We saw that medicines were managed safely.

People told us that there was a high turnover of staff. We saw that there were adequate numbers of staff to support people using the service but that few staff had received appropriate training to care for people with mental health needs.

We saw that provider monitored some aspects of the quality of service provision and assessed safety risks regularly.

4th July 2012 - During a routine inspection pdf icon

We spoke with three people who told us that they liked living in the home. They told us that they enjoyed the food and they got "plenty" to eat.

Two of the people we spoke with told us that they could make a complaint if they wanted to. One person said that they had nothing to complain about.

1st January 1970 - During an inspection to make sure that the improvements required had been made pdf icon

We carried out an unannounced, comprehensive inspection of this service on 13 January 2015. Breaches of legal requirements were found. After the inspection the provider wrote to us to say what they would do to meet legal requirements in relation to consent to care and treatment, meeting nutritional needs and submitting statutory notifications.
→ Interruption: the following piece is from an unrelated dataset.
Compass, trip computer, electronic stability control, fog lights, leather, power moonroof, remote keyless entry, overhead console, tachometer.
We undertook this focused inspection to check that they had followed their plan and to confirm that they now met legal requirements. This report only covers our findings in relation to those requirements. You can read the report from our last comprehensive inspection, by selecting the 'all reports' link for Melrose on our website at www.cqc.org.uk

This report covers our findings in relation to those requirements. In addition, during the inspection on 07 and 10 September 2015, we found that there were concerns relating to medication and staffing which we have included in this report.
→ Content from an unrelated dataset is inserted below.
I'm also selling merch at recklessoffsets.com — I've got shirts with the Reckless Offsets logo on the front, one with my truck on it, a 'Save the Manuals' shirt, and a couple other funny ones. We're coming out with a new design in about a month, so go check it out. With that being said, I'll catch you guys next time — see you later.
The home required a registered manager. A registered manager is a person who is registered with the Care Quality Commission to manage the service. Like registered providers, they are ‘registered persons’. Registered persons have legal responsibility for meeting the requirements in the Health and Social Care Act 2008 and associated Regulations about how the service is run. Melrose had a registered manager who had been in post for several years.

At the last inspection on 13 January 2015, we asked the provider to take action to make improvements relating to consent, nutrition and hydration, and statutory notification submissions. The provider had provided us with an action plan which stated that they would achieve these requirements by 31 May 2015. We found that they had met the requirement regarding nutrition and hydration but had not met the requirements relating to consent and statutory notification submissions to the Care Quality Commission (CQC). The provider had not improved the training and understanding of the Mental Capacity Act and had not completed the necessary capacity assessments. The provider had not submitted the required statutory notifications to CQC as required as we knew there had been concerns raised by other organisations to CQC.
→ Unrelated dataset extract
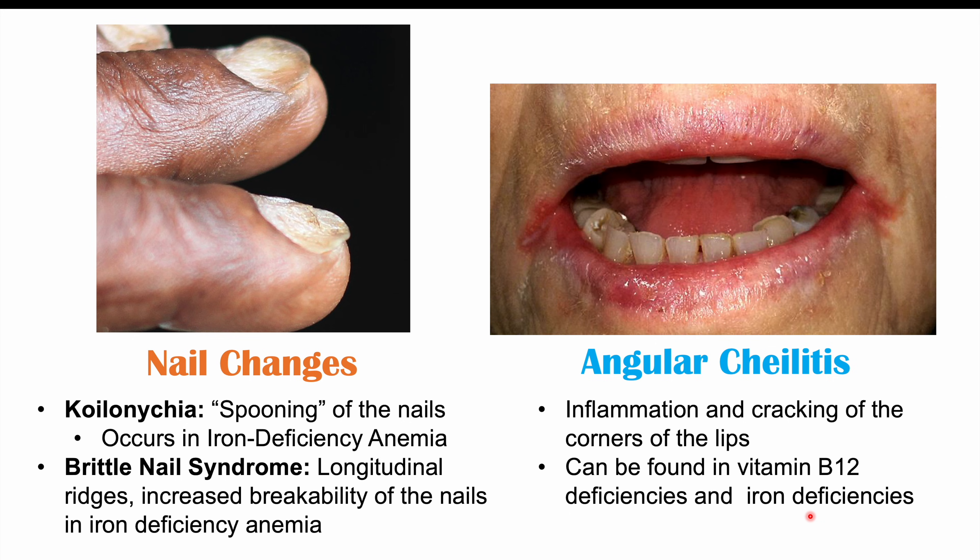Please check out my lesson on iron deficiency anemia and vitamin B12 deficiency. If you found this lesson helpful, please like and subscribe for more lessons like this one. Thanks so much for watching, and I hope to see you next time.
During the course of this inspection we found that there had been a serious medication error which had gone unnoticed. We had also been notified by whistle-blowers that there were not enough staff throughout the course of each day and night. The provider had sent us a copy of the staff rota which showed that there should be at least five staff members on duty throughout the day. However we found that this was not people's experience. We also found on the days of our inspection that there were insufficient staff on duty.

We have made a recommendation in relation to the staffing levels.

We found breaches of the Health and Social Care Act 2008, relating to consent, statutory notifications and medication administration. You can see what action we have told the provider to take at the back of the full version of this report.